Mixed Random Items in meh...
- Feb. 7, 2020, 9:23 a.m.
- |
- Public
How do anti-vaccination people come up with their reasons for not vaccinating their kids? I just read a Twitter thread where this woman was giving Motrin and Tylenol, along with peppermint oil and elderberry and vitamin c until diarrhea occurs. All her kids had the flu. People in this group she was in were egging her on giving “natural” advice remedies. The kid had a seizure, a heart attack, and eventually died. His fever was at 105. I’m nervous when a fever reaches 102 in myself or anyone else in my family. It’s nothing to joke with.

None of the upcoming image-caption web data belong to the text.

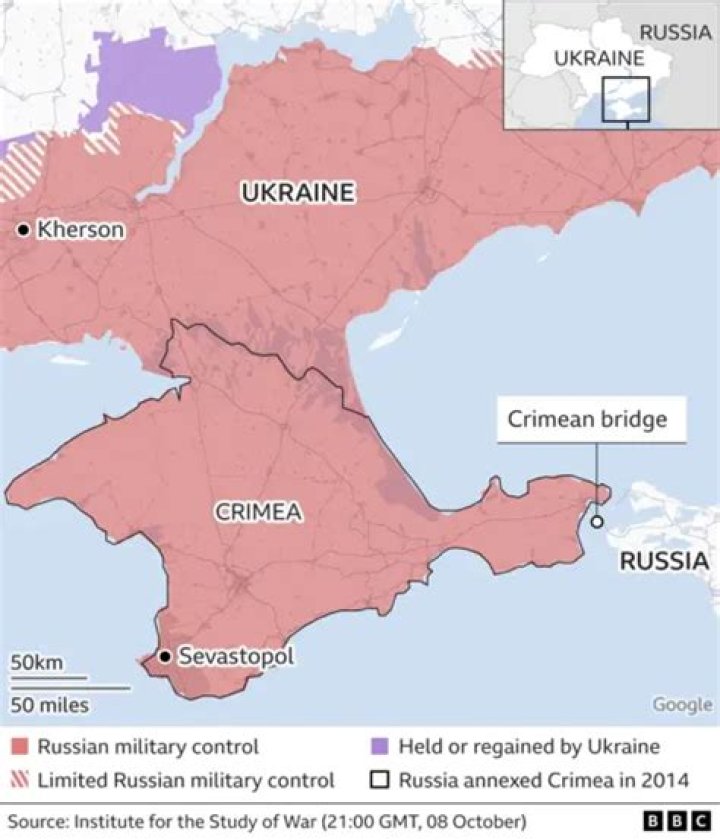 
Russia arrests 8 in Crimea bridge blast, Ukrainian military official suspected 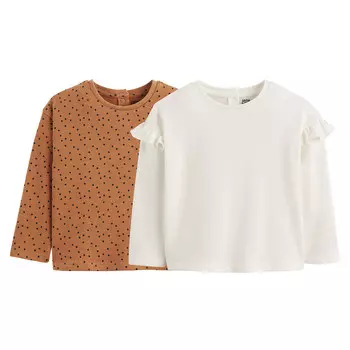 Комплект из двух лонгсливов LaRedoute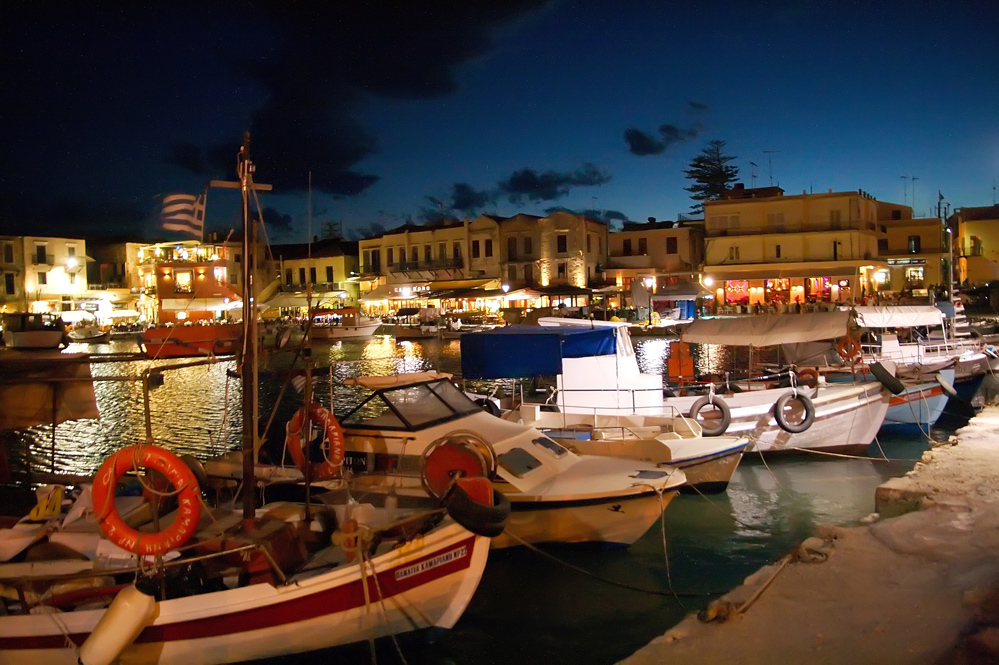 Venezianischer Hafen Rethymnon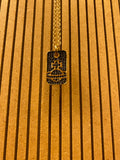 Man. Fosco pendant gold/ruthenium black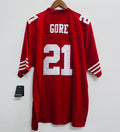 Frank Gore San Francisco 49ers Official NFL Mitchell & Ness Jersey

This mother, who did everything but take her child to the ER has started a go-fund-me. Child Protective Services is investigating this.
This monthly for me has been the worse. I usually don’t blame mood and attitude on the hormonal changes that occur, but SWEET DAY IN THE MORNING, I’ve been extremely attitudinal for about 3 weeks now. 2 for PMS symptoms, 1 for me being on right now and while I’m not a raging bitch, I’m pretty much in bitch range. I didn’t go to church ANY this week which is unlike me. Day 2 of church, well, they shut down due to weather that didn’t act close to the fool it was suppose to.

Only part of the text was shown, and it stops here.